The only caveat I have not been able to solve is hosting an xmpp server for a different domain, like it's possible with email.

A client connecting the account joe.doe@example.ORG will find the server it wants to connect to via SRV to be , e.g., xmpp14.example.COM and expect a TLS certificate for "example.ORG" which that server does not have (nor can/should easily get) - which makes sense in a lot of ways, but limits the ways one can offer hosting services.

If anyone has creative solutions I'm all ears.

I know at least two services that offer hosting with your own domain: https://my.snikket.org/ and https://account.conversations.im/domain/ so I suppose it is not that complex to setup.

Correct, but that means you cannot share that domain securely with, let's say, a website.
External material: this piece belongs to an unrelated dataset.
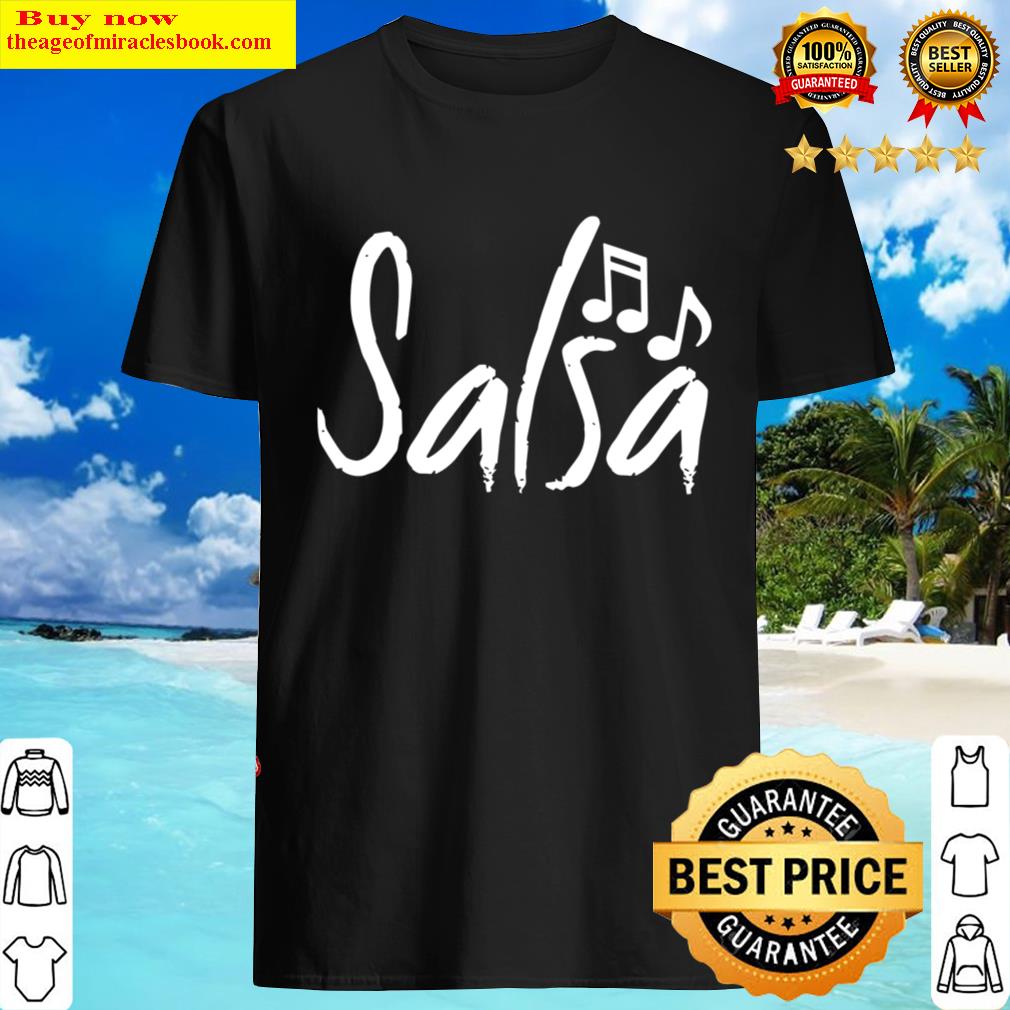 Tanzshirt, Salsa, Lustiges Tanzgeschenk Shirt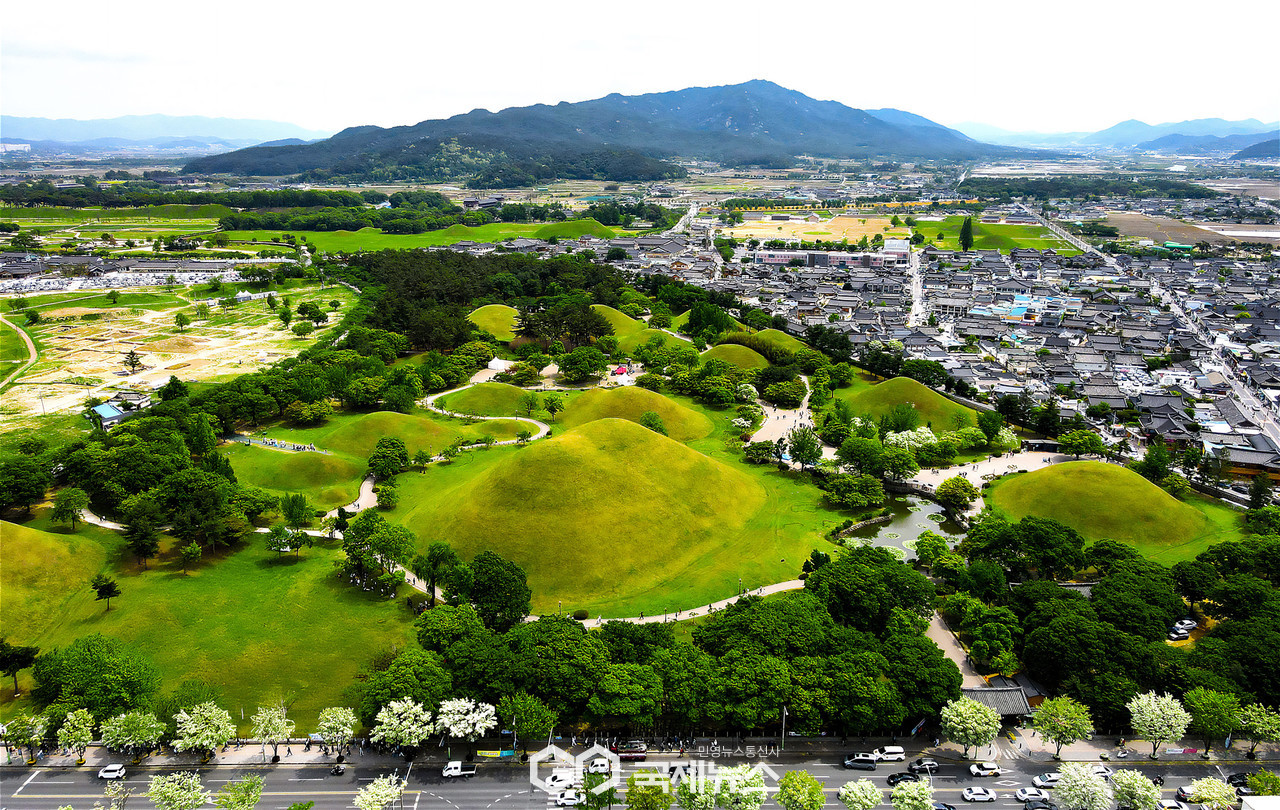(사진=김진태 기자) 대능원 전경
No ?

TBH I am not well-versed into DNS and certificates and security, but I guess you have to trust your provider with a certificate for `example.com` if you allow them to manage JIDs of the form `anything@example.com`, indeed. Again, I am not very knowledgeable about the subject, so take this with a grain of salt.

You need a certificate for the domain you are going to serve of course. You can get one with ACME DNS challenges pretty easily (I have my clients set up a CNAME for the _acme-challenge subdomain of their domain).

I worded that poorly.

Yes, that is of course correct. But that means that your clients have to trust you without technical safeguards, that you will not use this to get for certificates for purposes other than XMPP.

Which, in my mind, is a problem if the domain is not used just for XMPP, but lets say for a website as well.

You should be able to do that via DNS SRV entries.

  _xmpp-client._tcp.domain.tld. TTL IN SRV priority weight port target
  _xmpps-client._tcp.domain.tld. TTL IN SRV priority weight port target

  example:
  _xmpp-client._tcp.not-my-domain.com. 3599 IN SRV 5 0 5222 jabber.my-domain.com.

You could also build a reverse proxy setup. Then you wouldn't need the keys to the SSL certs. But that is probably overkill to run at your client: https://wiki.xmpp.org/web/Tech_pages/XEP-0368

I don't think I have seen a client complain about the cert being for jabber.my-domain.com Which one is giving trouble there?

source: https://datatracker.ietf.org/doc/html/rfc6120

https://wiki.xmpp.org/web/SRV_Records

> Which one is giving trouble there?

Probably all of them.

Section 5.4.3.1

  > The receiving entity SHOULD choose which certificate to present
  > based on the domainpart contained in the 'to' attribute of the
  > initial stream header (in essence, this domainpart is
  > functionally equivalent to the Server Name Indication defined for
  > TLS in [TLS-EXT]).
and 13.7.2 says

  > Once the identity of the stream peer has been validated, the
  > validating entity SHOULD also correlate the validated identity with
  > the 'from' address (if any) of the stream header it received from the
  > peer.  If the two identities do not match, the validating entity
  > SHOULD terminate the connection attempt (however, there might be good
  > reasons why the identities do not match, as described under
  > Section 4.7.1).
You can manually set a server in most clients, and I don't know how that is generally implemented. I guess that should work then.

But if you serve a certificate for jabber.example.com for a user trying to connect to an account user@example.com using SRV records then that mismatch will give you at least a certificate warning popup. And for good reason too: How would a user verify that a certificate

abcde.1234.jabber.freshhosting.donut

is valid for the account joe.doe@example.com ?

Yes there is a new DNS challenge coming which will make this even easier.

I've always just used self-signed certificates. On first connect, the client will ask the user to trust your CA. There's no real difference in terms of security.